What you should do:
Only those lines in the data below from the line containing "2010 Nissan 370Z" through the line containing "Hokitika Business Development 1:1 Sessions", both included, should be restated word for word.

Records provided:
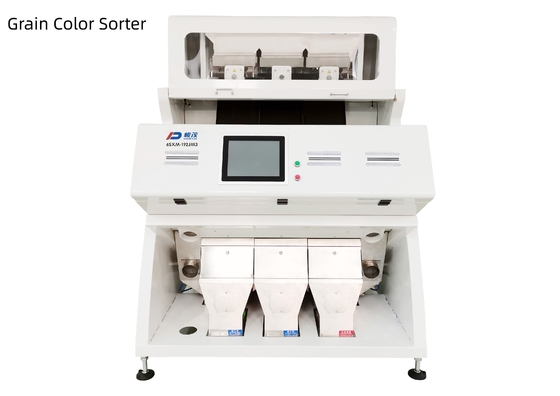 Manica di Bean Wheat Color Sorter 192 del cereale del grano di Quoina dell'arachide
==
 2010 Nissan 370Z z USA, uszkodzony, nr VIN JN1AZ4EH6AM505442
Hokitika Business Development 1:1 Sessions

Result for this task:
 2010 Nissan 370Z z USA, uszkodzony, nr VIN JN1AZ4EH6AM505442
Hokitika Business Development 1:1 Sessions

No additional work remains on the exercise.